There are 600 million people in India who are struggling with water scarcity. They don’t even have access to ample water for bathing, let alone for irrigation, industries, and other domestic uses. It gets even worse as 75% of the households in our gigantic democracy do not have access to drinking water. To those who have the privilege of having ample water find it to be 70% contaminated. The numbers are pointing towards a dark future.

85% of households don’t have piped water access. India wails but with no avail for water management and recharge of groundwater availability. Groundwater is the largest source of water for Indian citizens. Chennai has almost gone dry, and it is completely man-made havoc resulting from the ignorance towards climate change in the country. Where are we heading? And why are we aiming for an irreversible problem? The government and the citizens need to address the two questions collectively.

The issue of water scarcity starts with its demand. As per records, India receives adequate rainfall every year to meet its needs. According to the central water commission (CWC), India requires 3000 billion cubic meters of water annually and it receives 4000 billion cubic meters.

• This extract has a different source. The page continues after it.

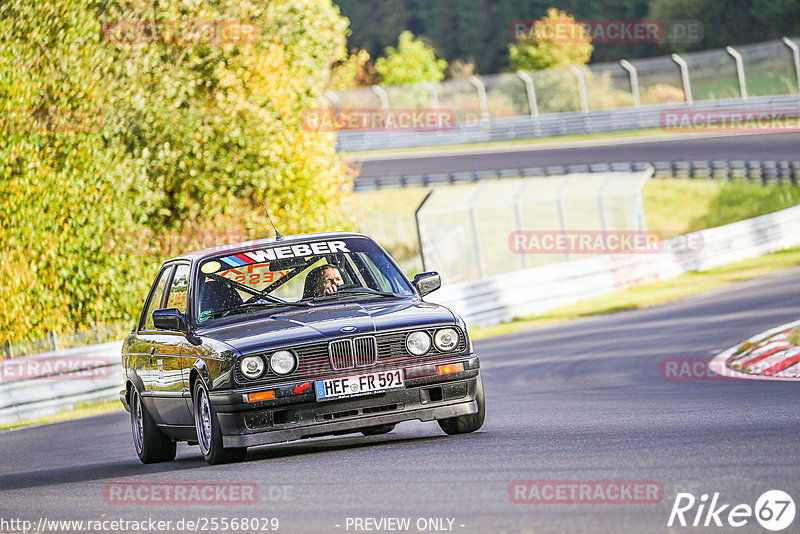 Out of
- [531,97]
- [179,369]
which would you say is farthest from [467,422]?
[531,97]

Sadly, a large quantity of water is wasted inefficiently used.

The figures in North-Western India paint a worse picture. Rivers emerging from the Himalayas are not harnassed or improperly used for irrigation. Northwestern India’s large consumption of Groundwater is unfeasible in the long run. Alone in the year 2011, 245 billion cubic meters of groundwater was consumed for irrigation, and that was the total consumption of groundwater for that particular area in the respective year. In India, every day 40 million cubic meters of water is used for domestic use and industrial purposes. And India is the 3rd largest groundwater exporter in the world.

India is ranked the lowest in water usage efficiency in the world. It has little control over wastewater management, whereas, in other countries, surplus water is reused. Indian water sources are increasingly getting polluted with no prompt cleaning actions. The largest amount of water is wasted in the inefficient practices of the irrigation sector. What makes us do so? And when will we take climate change to be serious?

What are the challenges ahead?

One of them is the development of a properly researched water management policy, that should lead to a more judicious approach towards water consumption all over India.

The water management policy should start at the grassroots level, dealing first with the agricultural sector. The government has to develop effective aquifer management that will regulate water usage. Other countries have well-established aquifer management. The villages of India need to be told about the water crisis and its dire consequences on the whole of India.

Water is going to be one of the hottest topics of politics in India in the coming years. It will change the political discourse. Before we get to such dire circumstances where water shortage is politicised and not solved, the government has to work with each state’s government and form a collective solution for the water management in all of them. River basins are considered as shared resources among the states and they can help with the problem as well. Different states will have to work accordingly and set their parameters for cropping patterns which will be utilised in the irrigation of land as per the agro-climatic zone. The centre and the state governments need to ensure that India has good water account in the future.